14. Yet, since Merrill Lynch FAs were not required to affirmatively disclose these practices prior to selling a client ARS, purchasers were largely unaware of Merrill Lynch’s practices in supporting its ARS program.
15. Merrill Lynch did not undertake any analysis of whether any customers actually went to the website discussing its practices and procedures to review them.
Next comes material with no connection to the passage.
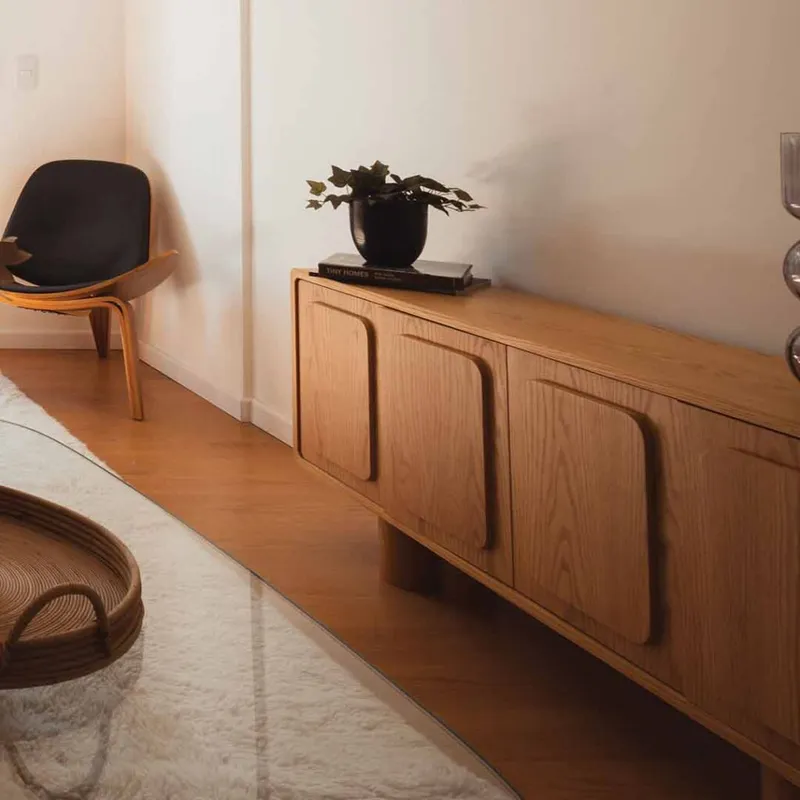 Rack Aurora - 130cm en Madera natural - Aparadores y recibidores, Uruguay | Walnut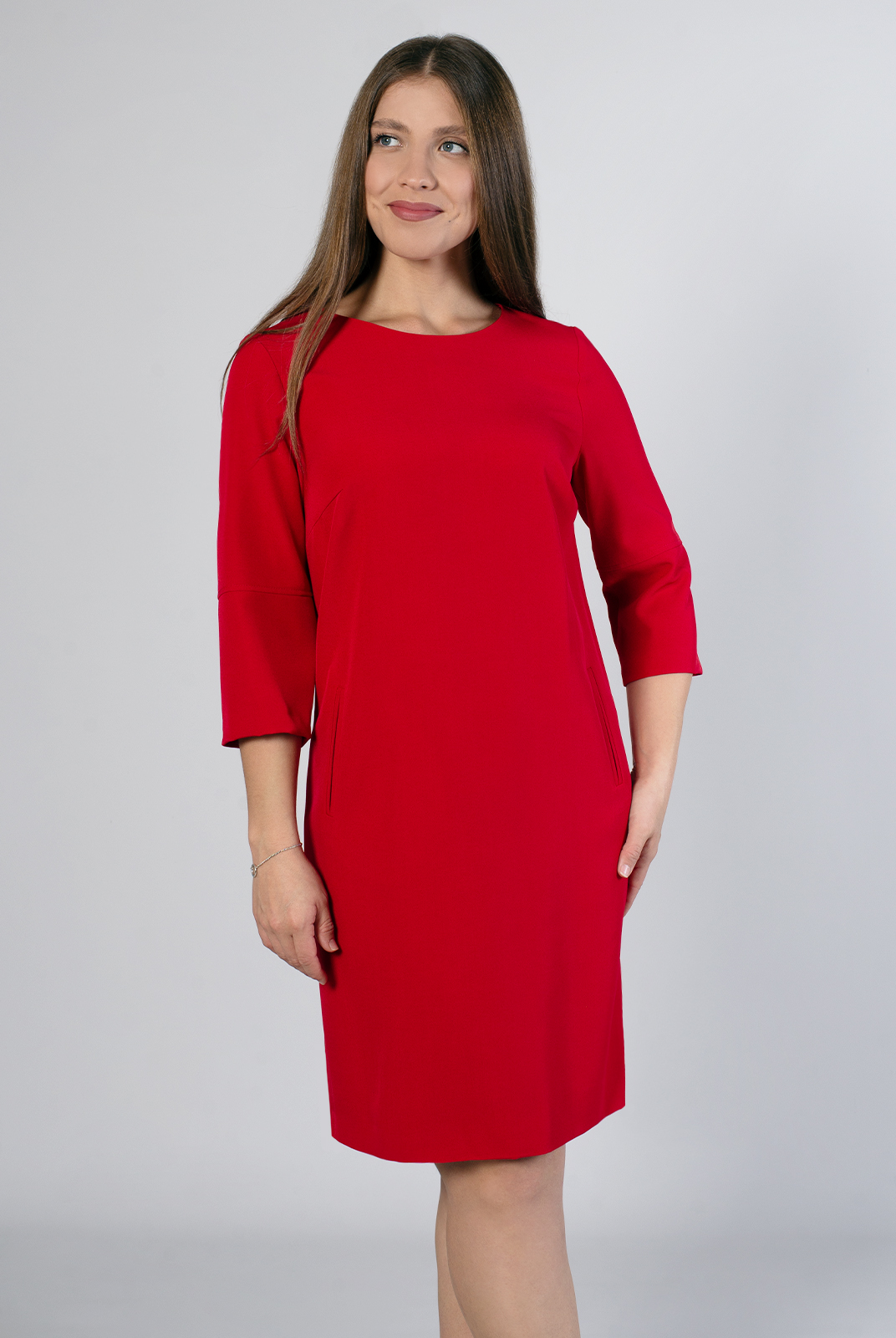 Платье женское Mila Bezgerts 1390А красное 56 RU 3902₽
Merrill Used Triple-A Rating as a Selling Point for Auction Rate Securities
Even After it had Allowed to Fail Certain Triple-A Rated Auction Rate Securities

16. The fact that its ARS carried a AAA rating was an important marketing point for Merrill Lynch.  The AAA rating on ARS was routinely touted in marketing materials, as well as research pieces that discussed ARS and their safety.
17. Marketing materials produced by the ARS desk promoted ARS as follows: 
  • Auction Market Securities provide many advantages for investors
  • Large and liquid market with over $306 billion currently outstanding
  • High quality credits with over 92% of the market rated AAA 
  • Incremental yield to comparable securities such as commercial paper and money market funds
  • Taxable, tax advantaged and tax exempt investment options
18.
A triple-A rating is a long-term credit rating.
19. The AAA rating on Merrill Lynch’s ARS did not speak to an investor’s ability to liquidate the instrument through auction at par.
20. A number of the collateralized debt obligations and other auction rate securities underwritten and offered by Merrill Lynch carried the AAA rating from major rating agencies.
21. In August 2007, as described below, Merrill ceased supporting the auctions of a number of its triple-A rated action rate securities.
22. Those securities became illiquid and subsequently lost most of their market value.
23. Despite the fact that Merrill had failed a number of triple-A auction-rate securities in August 2007, subsequent to August 2007, Merrill continued to use the AAA rating as a selling point for auction rate securities.
24. Merrill Lynch was aware - yet did not disclose to investors - that certain auction rate securities retained their triple-A rating after their auctions had failed.
25. Merrill Lynch was aware - yet did not disclose to investors - that the triple-A rating did not provide protection against Merrill deciding to no longer support its auction program.
26. Nonetheless, Merrill Lynch relied heavily on the triple-A rating to convince investors the auction rate securities it was selling were safe and principal protected.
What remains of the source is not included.